Right now, I am content with a slow start to the day. I slept in because my head is in a pollen cloud...and soon I will make my way to the flower shop where I'll keep plugging along at putting the place back together. It's a 2-story store. I finished the upstairs a few days ago. Last night I completely tore the first floor apart. There is not one thing in its place. And, ok, I'll admit--I love that feeling (the potential for a new beginning?). Today I'll paint some more and then it will be time to put it all back together. It's a big place and will take a few days...but I'm using Memorial Day weekend to my advantage. This way I have an extra day to let it look like a cyclone went through before I have to make it safe again for customers.

But today, however, I wish I didn't have to work. As much as I don't like the heat, it does feel good. It forces me to relax and slow waaaaaaaaaaaaaaaaaaay down. There is the whir of the fan at my back and the soft movement of the curtains. There is another cup of coffee to be had and a dog to give back massages to and a lake to take her swimiming in (she's so spoiled). Best of all, there are books to be read, savored, enjoyed. I'm in an introspective mood. I'd like to wander and lounge and consider the nature of small blossoms, leaf shapes, and clouds.

If only I could live in my imagination just a little bit longer. Wouldn't it be nice?!

9 comments:

paris parfait said...

Ah, yes, living in the imagination. It's the best! The fan sounds terrific; so glad you didn't throw it out! Good luck w/ all the work - and if it gets too tiresome, think of India, the way you started your day. :)

Endment said...

We turned on the air conditioners for the first time this year. It didn't cool down much last night so we awoke to a house that was hot and sticky.
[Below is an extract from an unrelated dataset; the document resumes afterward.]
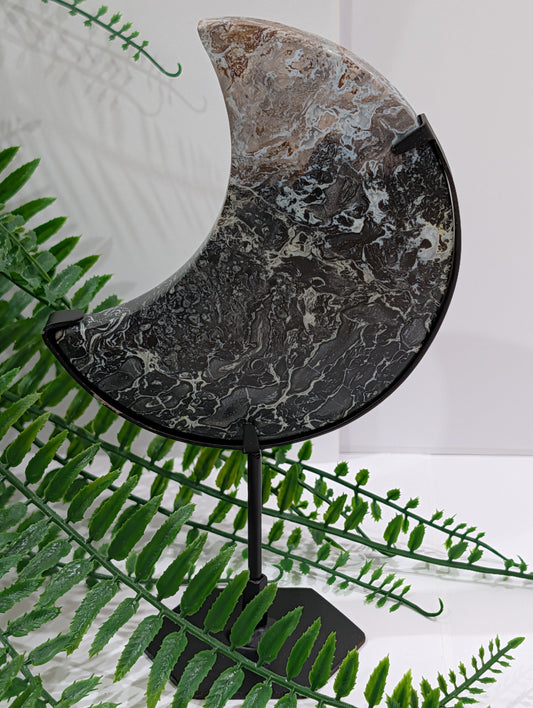 Palm Root Moon on Black Stand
How I wish I could get my imagination to work --- It still seems hot and sticky...

Amber said...

Since I got home from work at 3:00, I've been tempted to call you and see if you wanted to go for a walk at the State Park. But I think it's too windy for me, and I'm sure I'm too tired and footsore. Maybe another day...

Jessie said...

Amber, that would have been a good idea. I've been at work all day and am going back shortly.

But we should do that someday soon.

ps.
Do you have roller blades?? I've been thinking about getting some and roller blading at the State Park. I love it out there.

liz elayne lamoreux said...

our millie is the only one who feels my pain when it is so hot out...and the fact that people don't have air conditioning out here. crazy! but luckily it doesn't get that hot. still, i hate being hot too.

i have just caught up on reading your last few posts. you are such a writer my dear. such a writer. i love this image of you pretending you are in india...and i appreciate what you shared about the loss of your friend...the confusion...the sadness. so glad you are writing more often...i learn much from you.

Amber said...

I don't have roller blades. And the only pair I've ever had (10 years ago) were really uncomfortable, so I never got any good on them. So I'm probably not the best rollerblading buddy.

Laura said...

I hate summer. And they just keep getting longer around here. And I'm moving SOUTH! I'm a moron.

Colorsonmymind said...

Oh you put how I feel about the heat beautifully. I am so with you-it was super hot here today too.

All Things Jennifer said...

I am a winter suld at heart. Anything over 75 is really just too hot!